It’s often said that the key to a great career is networking. As many as half of all job offers come through referrals, and 70% of firms actively encourage referrals through incentive programs. But nursing a beer at industry events doesn’t come easily to everyone, and can be time-consuming – so here are 6 super-efficient tricks I’ve used to build a network that manages itself.
1. Raise your voice.
When the goal is to connect with people who can help you (and vice versa), it helps to have a consistent online ID to show what you’re all about: your work, your interests, your perspective. Set up a personal website or a blog – there are countless tools now for creating a professional-looking page or blog in minutes, from about.me to Content.ly or Medium.
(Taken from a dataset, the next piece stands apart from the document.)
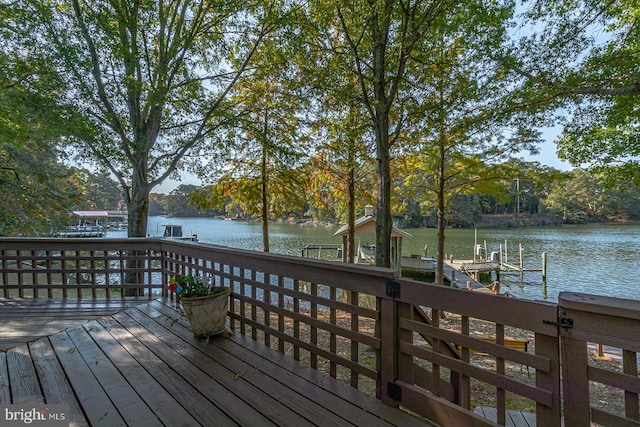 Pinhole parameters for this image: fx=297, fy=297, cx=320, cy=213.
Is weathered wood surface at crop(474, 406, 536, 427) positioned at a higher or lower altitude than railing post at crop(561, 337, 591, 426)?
lower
Years ago, I created a blog that I knew would get very little traffic, but this quickly led to guest blogging gigs with more widely-read sites. Writing original stuff can take time; but at the very least, it never hurts to tie your communications to your personal page – ideally with your own domain and email. Just add those links to your email signature. This is a really easy way to passively build your brand.
2. Master the cold email.
Let’s face it: reaching out to people you don’t know can be tricky, especially when you need something from them. But it’s an art. With the right tone and the right “ask”, you can turn a stranger into a useful contact, a mentor or even a colleague.
As with most business emails, it helps to keep things brief. No need to explain in great detail who you are and what you’re trying to accomplish – in fact, this can be a turnoff. Simply describe off the top what you’re doing and why you’re interested in talking to that person. Then suggest grabbing a drink or bite in whatever means is most convenient for them.
3. Troll your heart out.
With a solid cold email at your disposal, don’t be shy about reaching out to people you would like to know. Many successful people I know troll Linkedin or other social networks quite shamelessly! If a person includes their contact information anywhere in their profile, it’s usually a sign that they’re open to meeting and networking with folks.
I’ve gotten super organized with this – keeping a spreadsheet, making a list of people I’d like to meet, and setting specific goals for connecting with new people each week. At one point, I set a goal of meeting someone new every time I traveled to a new city. I’d ask for an intro to someone I was interested in in that location. It might sound crazy, but I was able to build a great national network through these semi-cold intros.
4. Reap what you sow.
Over years of networking, you’ll find that helping others will come back to you. Taking the time to pay it forward is great for your professional reputation, not to mention satisfying in itself.
One simple way to apply this principle is by taking the time to connect others. A bit earlier on in my career, I made a point of never turning down meetings – and when you meet someone new, you’ll quickly get a sense of what their needs are in their business. From there, introduce them by email to 1-2 people in your network who might be able to help them.
Sure, many of these don’t lead to anything concrete. But it takes very little time, and the cost-benefit is great. Not only do you establish yourself as a “node” – a well-connected person – but others will think of you immediately when they have a need.
5. Help out with events.
For the very motivated, volunteering your time at events is an excellent way to meet people. This gets you a free pass and free education; but not only that, you’ll get to know the organizers, who often tend to be highly “networked” folks themselves. Eventually, I managed to parlay some of these relationships into speaking gigs at conferences. This is a great way to establish expert status in your industry.
When you meet someone at an event, follow up right away – within 24 hours, while the conversation is still fresh in their mind – and remind them about the content of your conversation. This way, if reconnect at some point later, past emails will make the timeline of your relationship clear.
6. Be prompt and direct.
Whether you’ve met someone at a meetup, or you’re cold-emailing a stranger you found on Linkedin, it’s very important to have a specific ask. People don’t have time to figure out your agenda – but are glad to help (or refer) you if you are clear with your needs.
What’s an example of an ask if you really just want to pick someone’s brain? Mention a specific project you’re working on, and ask if they’d be willing to give some insight given their exceptional judgment (a light touch of flattery never hurt anyone)! This works even better if there’s some concrete way for them to participate in the project, even if small. Finally, respect people’s time: If you’re the one reaching out, make an effort to make the meeting as convenient for them as possible.
It’s clear that the engine of success heavily favors strong networkers. But you don’t need to be a huge extrovert or even a natural social animal to be great at it. Instead, apply the same rigor to building your network to everything else that you do – be it engineering, product management, marketing or otherwise – and you’ll reap the rewards throughout your industry and beyond.